→ SUPPLIED DATA
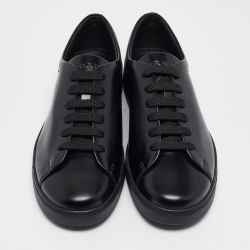 Prada Black Brushed Leather Low Top Sneakers Size 42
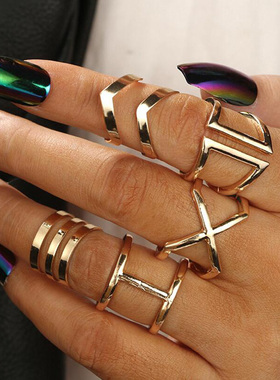 极速5 Pcs/ Set Classic Gold Colour V Chevron RRings Geometri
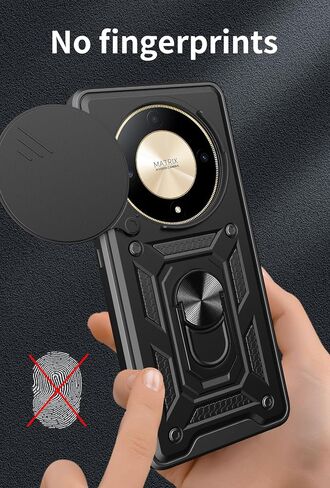 Case for Honor X9b / Magic 6 Lite 5G with Tempered Glass Screen Protector [2 Pack],Sliding Camera Window, Kickstand, Shock-Proof Anti-Scratch Dual-Layer Phone Cover, Black in Saudi Arabia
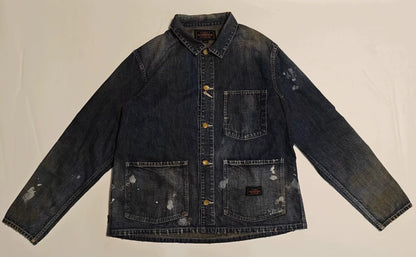 vintage faded ink splatter denim shirt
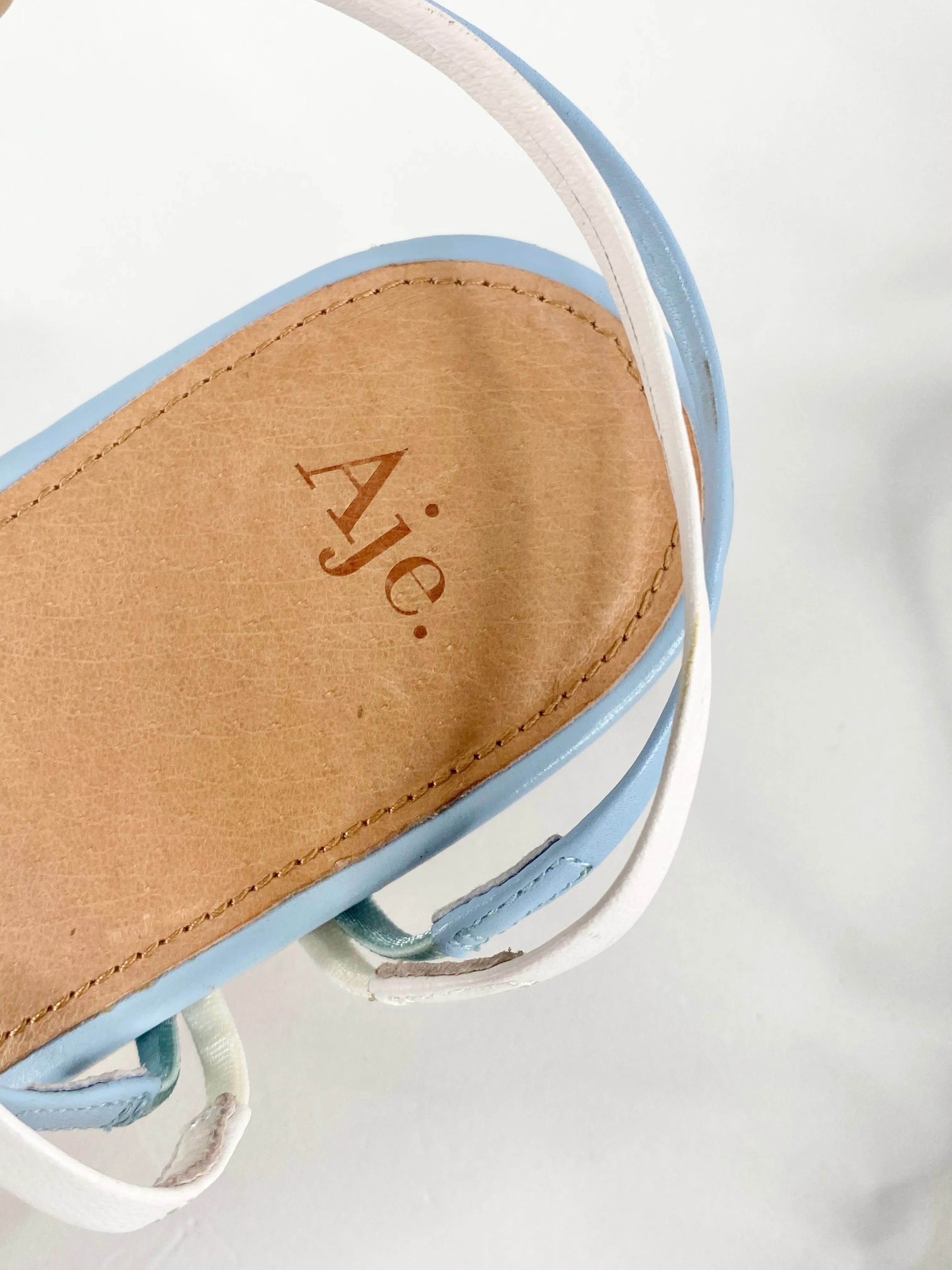 Aje Sky Blue Square Tip Sandals - EU37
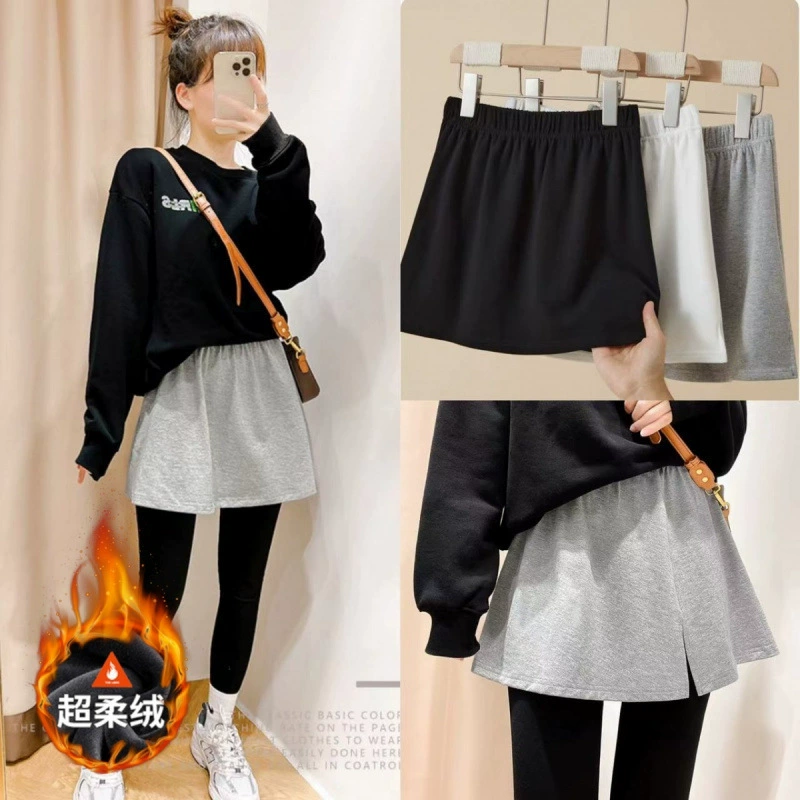 Хлопок плюс пух, толстый пердеть, занавес и подоло женщины, наложенные на поддельные две части, открытая вилка, чтобы покрыть задницу, свитер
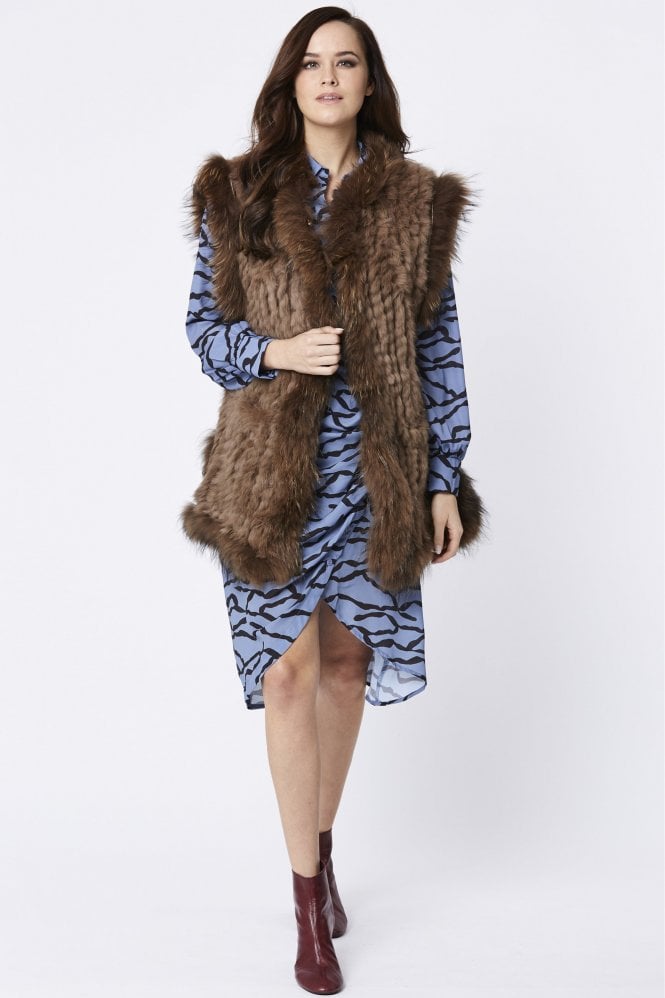 JAYLEY Mocha Long Fox and Coney Fur Gilet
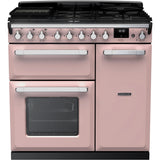 Rangemaster ESDL90DFPPPK/CM1 Estel Deluxe Pale Pink / Chrome 90cm Dual Fuel Range Cooker - product image 1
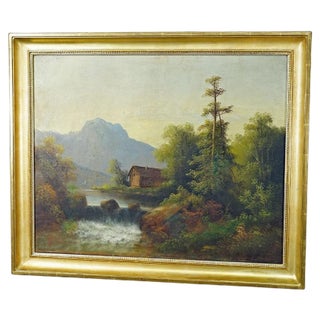Summer Mountain Landscape with Waterfall and Hut, 19th Century, Oil on Canvas, Framed For Sale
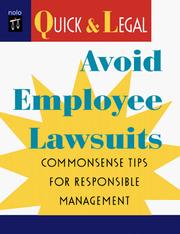 Cover of: Avoid Employee Lawsuits: Commonsense Tips for Responsible Management (Quick & Legal Series)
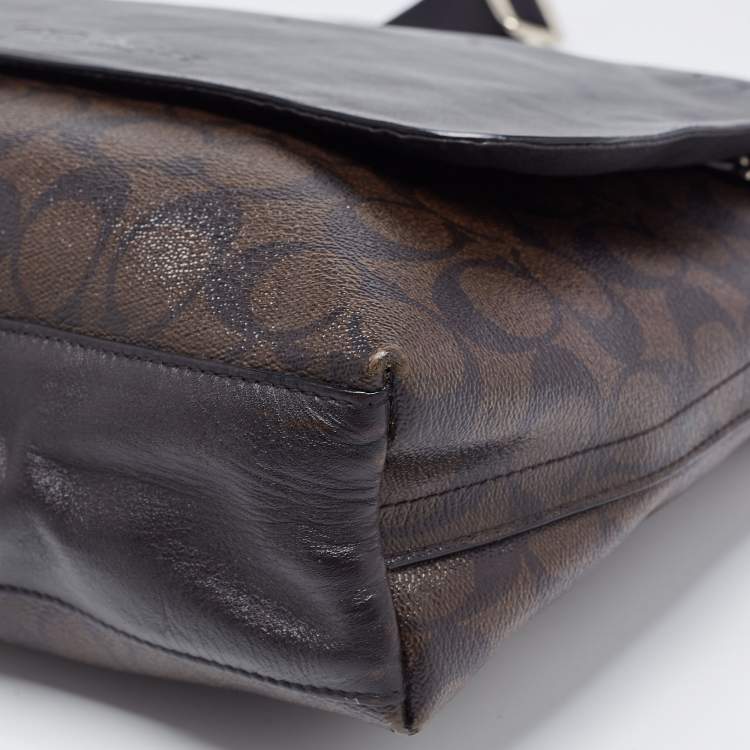 Pre Owned Coach Black/Brown Signature Coated Canvas and Leather Charles Messenger Bag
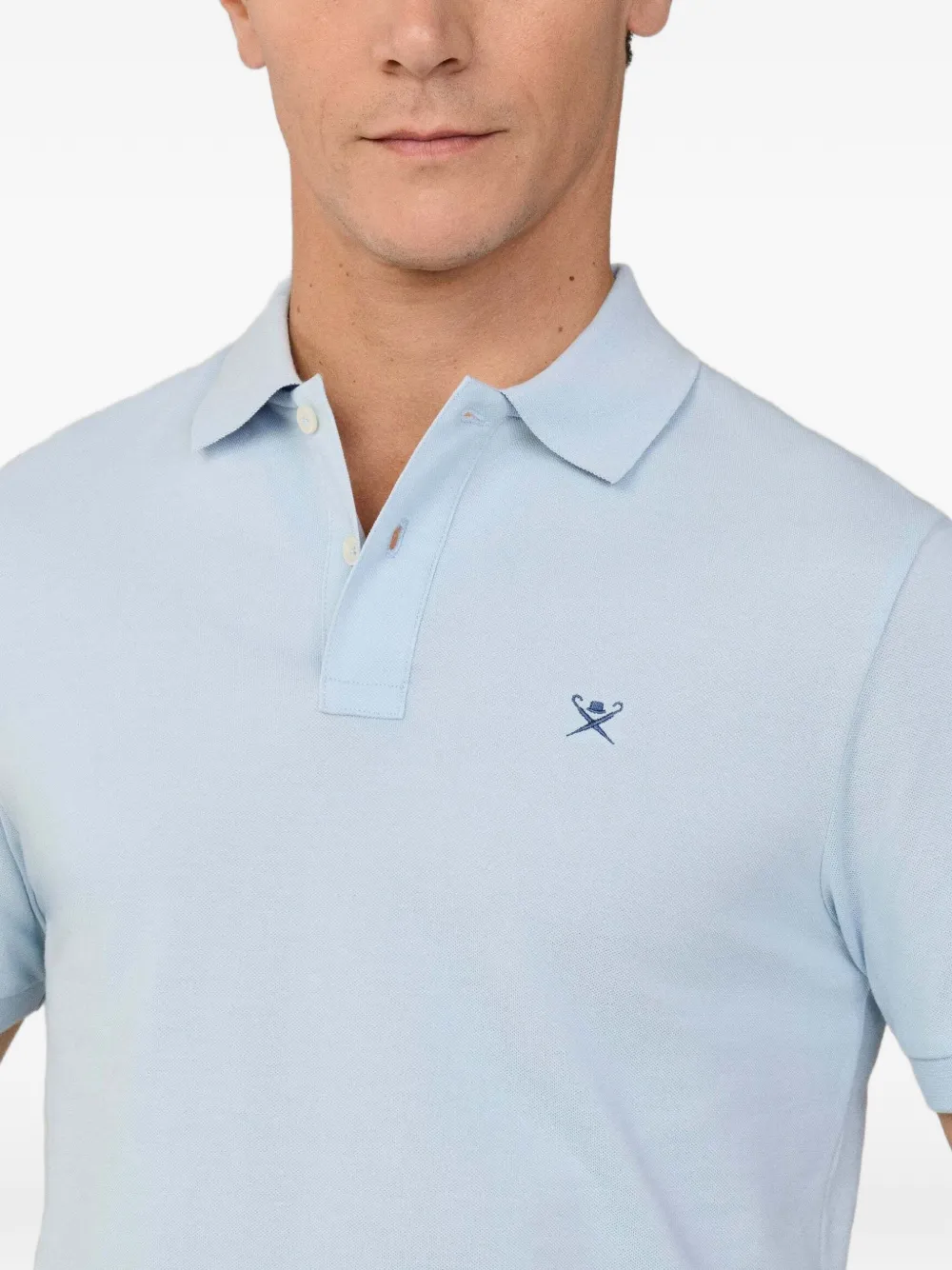 Hackett 로고 자수 코튼 피케 폴로 셔츠 In Blue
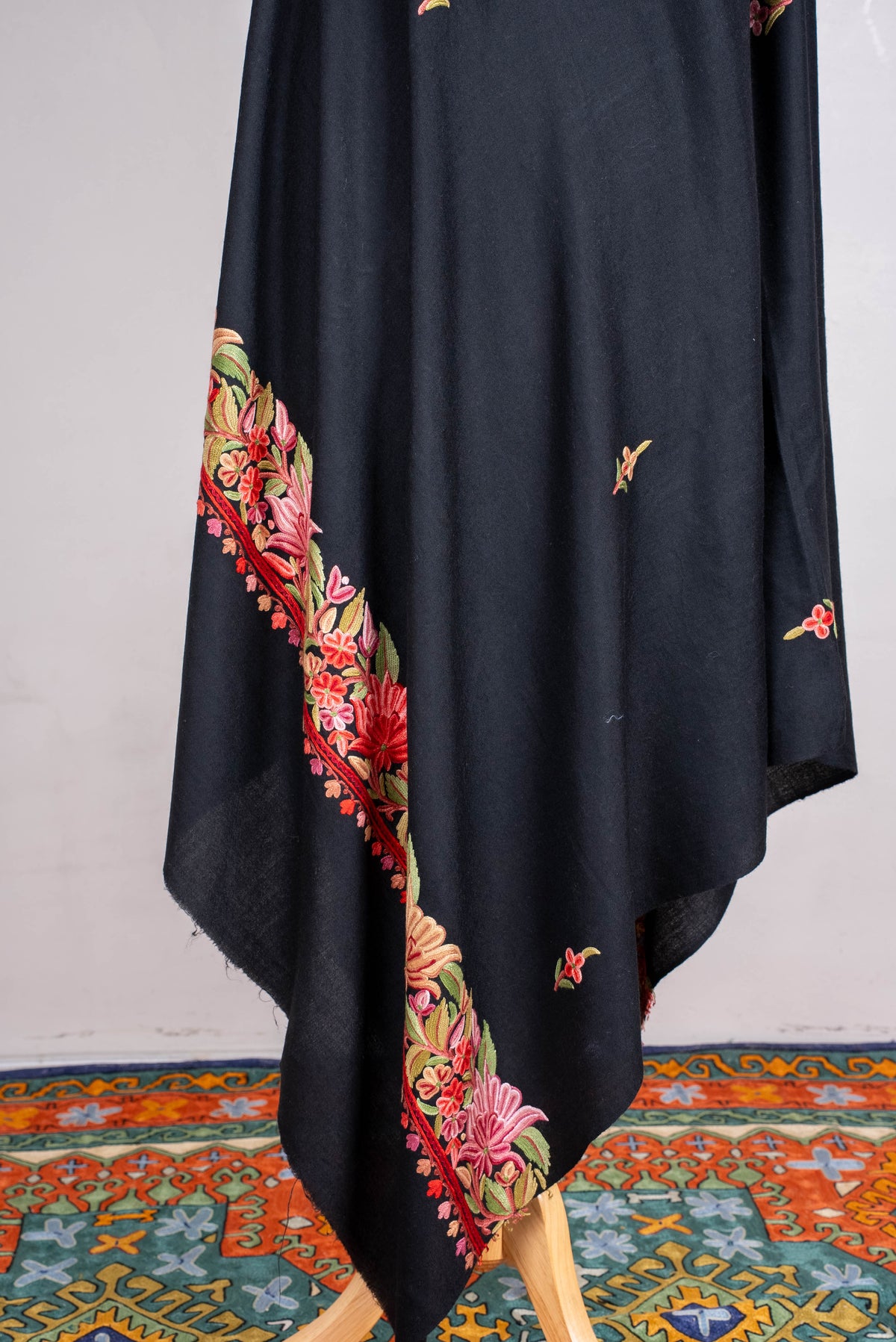 Fine Merino Wool Aari Hand Embroidered Shawl with Rich Floral Vine Detailing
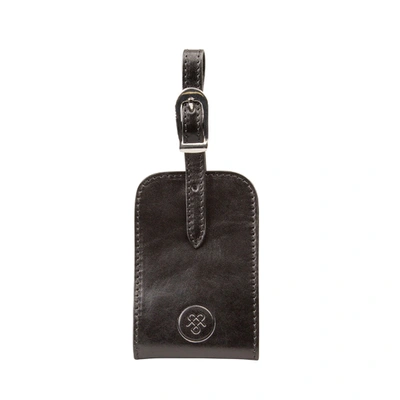 Maxwell Scott Bags Luxury Black Leather Id Luggage Tag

→ TASK TO COMPLETE
Every line from the one containing "Summer Mountain Landscape" through the last line of the records is to be reproduced exactly, with pictures left out and nothing else given.

→ RESPONSE BELOW
Summer Mountain Landscape with Waterfall and Hut, 19th Century, Oil on Canvas, Framed For Sale
 Cover of: Avoid Employee Lawsuits: Commonsense Tips for Responsible Management (Quick & Legal Series)
 Pre Owned Coach Black/Brown Signature Coated Canvas and Leather Charles Messenger Bag
 Hackett 로고 자수 코튼 피케 폴로 셔츠 In Blue
 Fine Merino Wool Aari Hand Embroidered Shawl with Rich Floral Vine Detailing
 Maxwell Scott Bags Luxury Black Leather Id Luggage Tag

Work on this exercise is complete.